Postulat "Medicare-for-all" (bezpłatna opieka zdrowotna dla każdego obywatela) i domaganie się darmowych studiów, w połączeniu z jego konfrontacyjnym kursem wobec świata finansjery, czemu daje wyraz w senackich przesłuchaniach, sprawiają, że może podróżować po kraju z wyraźnym przesłaniem. A tego właśnie brakuje szamoczącym się demokratom.
"Vox" twierdzi także, iż Sanders przesuwa się dyskretnie ze skrajnie lewego skrzydła bliżej środka, by stać się bardziej wybieralnym dla nieszczęsnych superdelegatów (to prominentni członkowie partii, którzy mogą przesądzić o wyniku prawyborów). Miałoby o tym świadczyć złagodzenie stanowiska w sprawie płacy minimalnej czy podatku węglowego.
Nie należy również bagatelizować informacji o poszerzeniu przez Sandersa swojego zespołu doradców. Senator z Vermont zatrudnił np. Matta Dussa, cenionego analityka ds. Bliskiego Wschodu. Polityka zagraniczna była piętą achillesową Sandersa w starciu z Hillary Clinton. Do drużyny Sandersa dołączył także Ari Rabin-Havt - prezenter radiowy, ale przede wszystkim specjalista ds. komunikacji, o progresywnych poglądach. I teraz pytanie: czy Sanders potrzebuje tych doradców jako senator czy może jako przyszły kandydat?
Naturalnym scenariuszem wydawałby się start w prawyborach innej gwiazdy lewego skrzydła demokratów - senator z Massachusetts Elizabeth Warren.
Tyle że stosunki na linii Sanders-Warren są dziś niejasne. W 2016 roku spodziewano się, że w prawyborach poprze bliskiego ideowo Sandersa. Tymczasem ona zwlekała do samego końca, by ostatecznie stanąć po stronie zmierzającej po zwycięstwo Hillary Clinton. Wybrała polityczną kalkulację, ale i Sanders przecież ostatecznie wsparł Clinton, by mieć wpływ na przyszłą administrację. Niedoczekanie.
Pojawia się jednak pytanie, czy wobec powyższego Sanders wesprze ewentualną kandydaturę Warren czy też wystawi przeciwko niej kogoś ze swojego otoczenia (mówi się o Ninie Turner), a może i sam rzuci jej rękawicę? Oliwy do ognia dolał dziennikarz "The Atlantic", który twierdzi, że Sanders zakończył przedwcześnie wywiad, gdy padły pytania o jego relacje z Warren.
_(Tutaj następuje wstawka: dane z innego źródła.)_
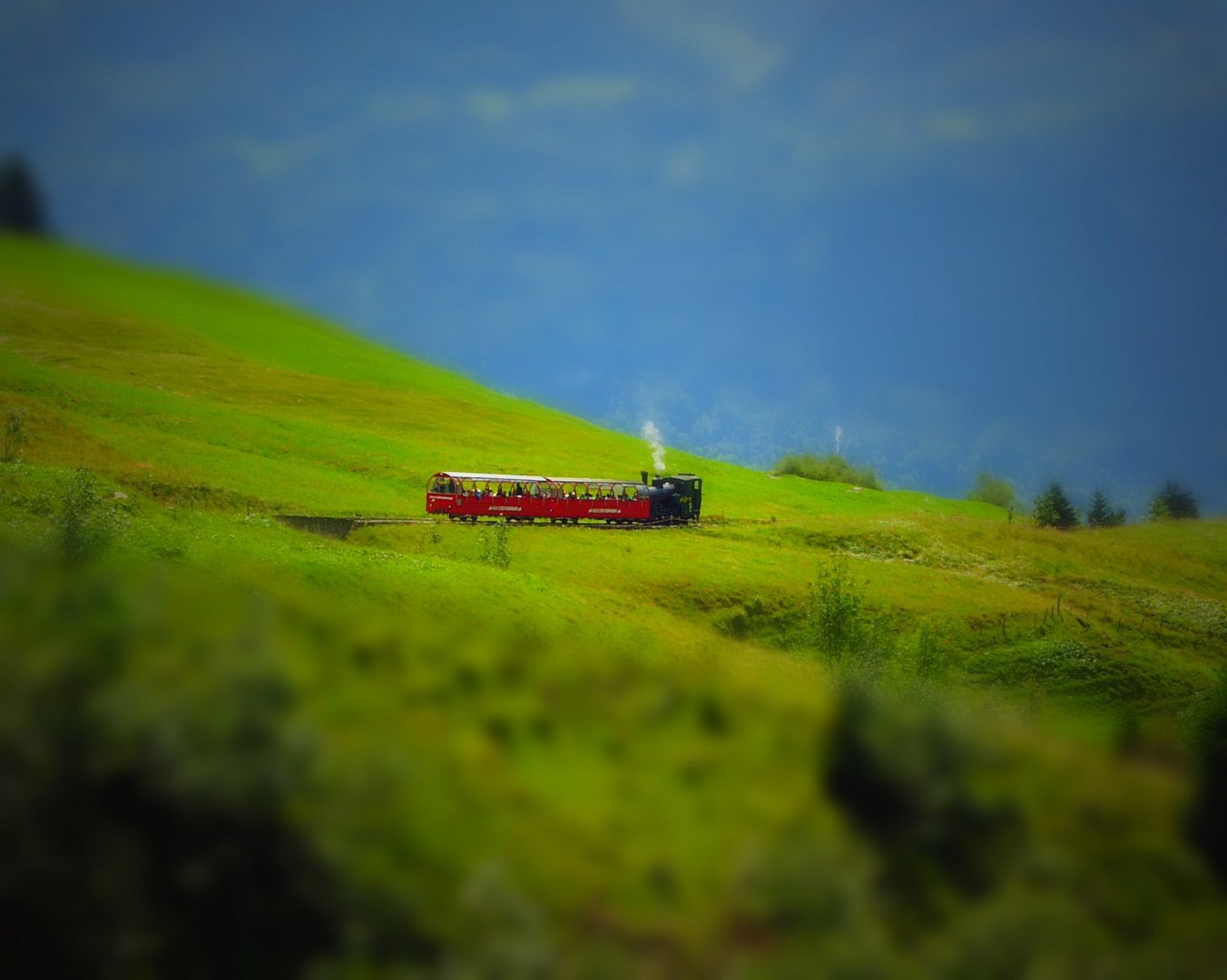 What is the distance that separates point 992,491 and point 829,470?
1009cm

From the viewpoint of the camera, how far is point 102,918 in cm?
546

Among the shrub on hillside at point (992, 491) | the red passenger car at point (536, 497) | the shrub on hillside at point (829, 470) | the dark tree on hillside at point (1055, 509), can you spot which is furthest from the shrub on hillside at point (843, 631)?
the shrub on hillside at point (829, 470)

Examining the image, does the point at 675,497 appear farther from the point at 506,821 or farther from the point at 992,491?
the point at 506,821

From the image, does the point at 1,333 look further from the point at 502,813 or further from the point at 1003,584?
the point at 1003,584

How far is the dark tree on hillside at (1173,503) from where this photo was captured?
32.7 meters

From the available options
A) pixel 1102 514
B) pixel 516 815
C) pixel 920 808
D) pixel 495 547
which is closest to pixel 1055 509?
pixel 1102 514

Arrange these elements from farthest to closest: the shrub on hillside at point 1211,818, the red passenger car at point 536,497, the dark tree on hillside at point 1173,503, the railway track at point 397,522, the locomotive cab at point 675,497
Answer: the locomotive cab at point 675,497
the red passenger car at point 536,497
the dark tree on hillside at point 1173,503
the railway track at point 397,522
the shrub on hillside at point 1211,818

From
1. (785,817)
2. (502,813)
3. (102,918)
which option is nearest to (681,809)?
(785,817)

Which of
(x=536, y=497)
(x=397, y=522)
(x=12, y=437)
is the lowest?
(x=397, y=522)

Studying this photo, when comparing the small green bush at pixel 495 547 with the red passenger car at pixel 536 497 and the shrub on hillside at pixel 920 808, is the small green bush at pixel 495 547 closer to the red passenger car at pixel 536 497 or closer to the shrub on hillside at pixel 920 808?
the red passenger car at pixel 536 497

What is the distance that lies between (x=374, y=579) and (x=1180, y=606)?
2817 cm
Sanders ma prawo mieć żal, że nie podała mu ręki, gdy prawybory nie były jeszcze rozstrzygnięte, gdy nadarzyła się historyczna szansa dla tego środowiska, by powalczyć o Biały Dom.
Na razie Sanders wspiera kandydatów wywodzących się z jego ruchu nie tylko w wyborach uzupełniających do Kongresu, ale również na szczeblu lokalnym. Na stronie Our Revolution można znaleźć bilans tych starań.
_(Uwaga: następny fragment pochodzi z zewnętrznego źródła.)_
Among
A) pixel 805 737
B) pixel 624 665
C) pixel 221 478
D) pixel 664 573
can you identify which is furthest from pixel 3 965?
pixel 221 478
Po drodze będą jeszcze częściowe wybory do Kongresu, a później trzeba będzie już szykować progresywnego kandydata do startu w prawyborach - bo ktoś to skrzydło demokratów na pewno będzie reprezentował. Tylko kto? Start 79-latka wydaje się trudny do wyobrażenia, ale odnotujmy, że prawdopodobny kandydat republikanów - Donald Trump - będzie miał 74 lata, a Sanders, gdyby w 2016 roku wygrał z Clinton i z Trumpem, w 2020 r. i tak ubiegałby się o reelekcję.
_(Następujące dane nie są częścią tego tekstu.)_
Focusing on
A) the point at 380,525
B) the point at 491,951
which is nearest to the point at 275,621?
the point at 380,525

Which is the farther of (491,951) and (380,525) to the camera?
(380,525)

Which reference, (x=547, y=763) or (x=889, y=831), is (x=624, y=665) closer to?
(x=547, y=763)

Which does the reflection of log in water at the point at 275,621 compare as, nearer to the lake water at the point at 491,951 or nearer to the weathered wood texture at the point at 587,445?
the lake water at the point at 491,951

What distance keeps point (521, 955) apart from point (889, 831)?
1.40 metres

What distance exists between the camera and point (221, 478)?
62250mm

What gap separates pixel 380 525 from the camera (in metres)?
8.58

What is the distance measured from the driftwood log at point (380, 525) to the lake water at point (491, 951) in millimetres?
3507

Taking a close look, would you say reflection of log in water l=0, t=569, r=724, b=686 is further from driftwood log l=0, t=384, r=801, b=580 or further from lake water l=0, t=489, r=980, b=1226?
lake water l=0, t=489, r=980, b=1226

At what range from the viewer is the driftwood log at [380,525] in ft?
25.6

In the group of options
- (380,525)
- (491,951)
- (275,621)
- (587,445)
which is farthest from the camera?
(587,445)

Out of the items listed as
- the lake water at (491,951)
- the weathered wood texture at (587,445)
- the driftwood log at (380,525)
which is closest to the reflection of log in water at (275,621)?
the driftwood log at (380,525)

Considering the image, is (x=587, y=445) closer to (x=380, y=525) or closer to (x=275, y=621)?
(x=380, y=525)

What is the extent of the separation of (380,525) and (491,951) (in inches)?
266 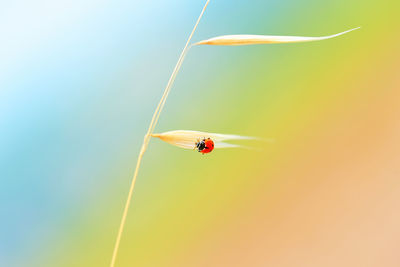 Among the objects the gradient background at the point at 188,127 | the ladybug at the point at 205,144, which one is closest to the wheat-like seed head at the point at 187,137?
the ladybug at the point at 205,144

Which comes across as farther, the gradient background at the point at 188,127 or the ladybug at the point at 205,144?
the gradient background at the point at 188,127

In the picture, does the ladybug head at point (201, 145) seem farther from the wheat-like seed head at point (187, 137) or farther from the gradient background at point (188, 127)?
the gradient background at point (188, 127)

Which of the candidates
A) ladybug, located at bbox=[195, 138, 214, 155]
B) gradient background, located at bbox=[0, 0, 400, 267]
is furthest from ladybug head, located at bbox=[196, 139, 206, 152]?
gradient background, located at bbox=[0, 0, 400, 267]

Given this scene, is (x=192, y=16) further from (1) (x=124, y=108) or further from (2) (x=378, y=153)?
(2) (x=378, y=153)

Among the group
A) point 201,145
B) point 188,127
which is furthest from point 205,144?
point 188,127

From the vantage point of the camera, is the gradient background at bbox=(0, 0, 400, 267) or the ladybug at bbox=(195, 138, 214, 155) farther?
the gradient background at bbox=(0, 0, 400, 267)

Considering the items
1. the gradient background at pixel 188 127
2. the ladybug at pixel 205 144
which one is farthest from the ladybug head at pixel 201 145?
the gradient background at pixel 188 127

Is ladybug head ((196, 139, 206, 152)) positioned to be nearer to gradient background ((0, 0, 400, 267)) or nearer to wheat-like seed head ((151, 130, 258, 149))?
wheat-like seed head ((151, 130, 258, 149))

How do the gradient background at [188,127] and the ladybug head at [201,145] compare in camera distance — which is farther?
the gradient background at [188,127]

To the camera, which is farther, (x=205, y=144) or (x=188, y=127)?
(x=188, y=127)

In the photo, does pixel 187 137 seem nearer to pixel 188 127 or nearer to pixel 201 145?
pixel 201 145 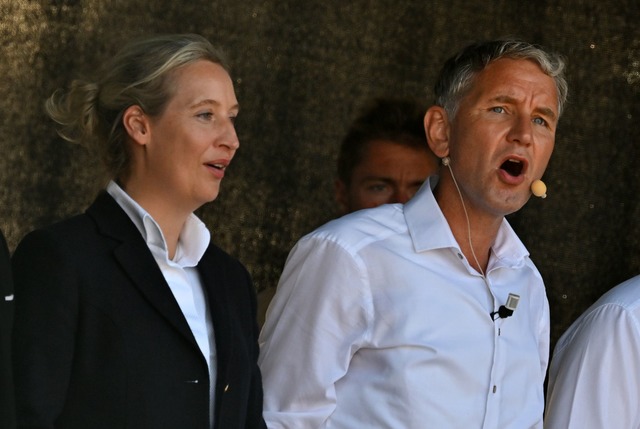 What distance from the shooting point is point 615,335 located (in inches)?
128

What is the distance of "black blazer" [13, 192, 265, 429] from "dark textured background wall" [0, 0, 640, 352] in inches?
55.2

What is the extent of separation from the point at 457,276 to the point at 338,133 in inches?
61.7

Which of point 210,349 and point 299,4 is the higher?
point 299,4

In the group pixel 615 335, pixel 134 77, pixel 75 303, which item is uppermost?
pixel 134 77

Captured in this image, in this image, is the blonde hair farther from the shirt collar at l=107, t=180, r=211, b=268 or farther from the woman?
the shirt collar at l=107, t=180, r=211, b=268

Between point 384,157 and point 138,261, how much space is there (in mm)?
1446

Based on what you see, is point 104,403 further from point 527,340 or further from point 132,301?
point 527,340

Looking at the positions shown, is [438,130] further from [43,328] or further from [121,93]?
[43,328]

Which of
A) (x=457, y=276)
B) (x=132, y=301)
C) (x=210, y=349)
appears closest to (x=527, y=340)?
(x=457, y=276)

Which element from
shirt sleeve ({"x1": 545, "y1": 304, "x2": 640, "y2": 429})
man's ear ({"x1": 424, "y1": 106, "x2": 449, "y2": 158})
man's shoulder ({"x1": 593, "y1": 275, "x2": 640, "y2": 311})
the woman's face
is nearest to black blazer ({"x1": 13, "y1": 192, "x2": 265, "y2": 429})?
the woman's face

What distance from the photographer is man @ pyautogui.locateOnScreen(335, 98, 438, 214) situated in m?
3.89

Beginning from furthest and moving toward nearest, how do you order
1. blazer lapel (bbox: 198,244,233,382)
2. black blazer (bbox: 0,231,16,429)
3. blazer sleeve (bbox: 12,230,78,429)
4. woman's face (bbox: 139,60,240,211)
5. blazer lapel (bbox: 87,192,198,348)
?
woman's face (bbox: 139,60,240,211), blazer lapel (bbox: 198,244,233,382), blazer lapel (bbox: 87,192,198,348), blazer sleeve (bbox: 12,230,78,429), black blazer (bbox: 0,231,16,429)

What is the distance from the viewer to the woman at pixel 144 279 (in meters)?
2.46

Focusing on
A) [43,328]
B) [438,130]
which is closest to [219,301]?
[43,328] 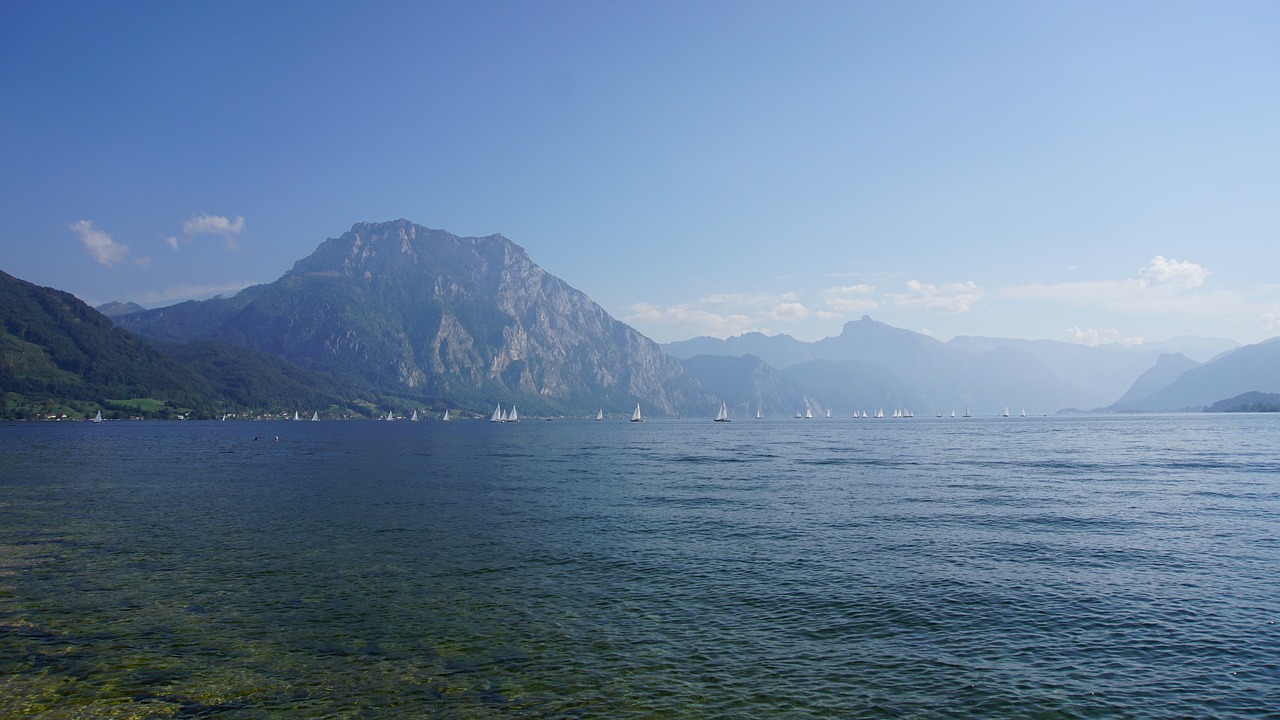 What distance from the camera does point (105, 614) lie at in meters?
31.1

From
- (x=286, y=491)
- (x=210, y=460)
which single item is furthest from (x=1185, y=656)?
(x=210, y=460)

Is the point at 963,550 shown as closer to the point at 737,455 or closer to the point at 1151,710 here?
the point at 1151,710

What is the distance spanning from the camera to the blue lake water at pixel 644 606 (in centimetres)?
2248

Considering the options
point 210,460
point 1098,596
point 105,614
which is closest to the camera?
point 105,614

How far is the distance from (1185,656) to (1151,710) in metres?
6.51

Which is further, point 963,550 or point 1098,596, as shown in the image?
point 963,550

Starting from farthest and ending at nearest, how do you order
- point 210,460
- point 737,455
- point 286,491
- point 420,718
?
point 737,455
point 210,460
point 286,491
point 420,718

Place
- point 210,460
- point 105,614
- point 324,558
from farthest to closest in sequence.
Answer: point 210,460
point 324,558
point 105,614

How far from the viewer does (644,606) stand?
32500 millimetres

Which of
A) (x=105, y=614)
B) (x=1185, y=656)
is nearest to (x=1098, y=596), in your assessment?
(x=1185, y=656)

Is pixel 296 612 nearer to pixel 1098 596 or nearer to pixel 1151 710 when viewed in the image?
pixel 1151 710

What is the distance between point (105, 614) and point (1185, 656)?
A: 45445mm

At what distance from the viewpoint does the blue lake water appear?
2248cm

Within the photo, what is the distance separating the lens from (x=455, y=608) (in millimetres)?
32219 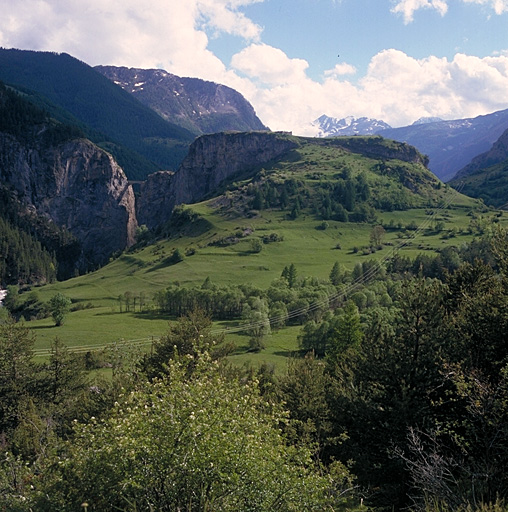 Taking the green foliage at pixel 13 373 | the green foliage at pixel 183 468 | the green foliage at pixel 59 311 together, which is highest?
the green foliage at pixel 183 468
Jak się, za przeproszeniem, trzyma Bernie Sanders? Jest nieco przygarbiony i nieco zachrypnięty, ale tak poza tym forma dopisuje. Wciąż wiecuje w całym kraju. Upodobał sobie zwłaszcza republikańskie stany w myśl motta, że Ameryka jest jedna, a nie "czerwona" lub "niebieska". Nie opuszcza ani jednego głosowania i ani jednego posiedzenia komisji w Senacie.
Pytany w telewizji o ewentualny start w wyborach prezydenckich uśmiecha się szeroko i odpowiada wymijająco.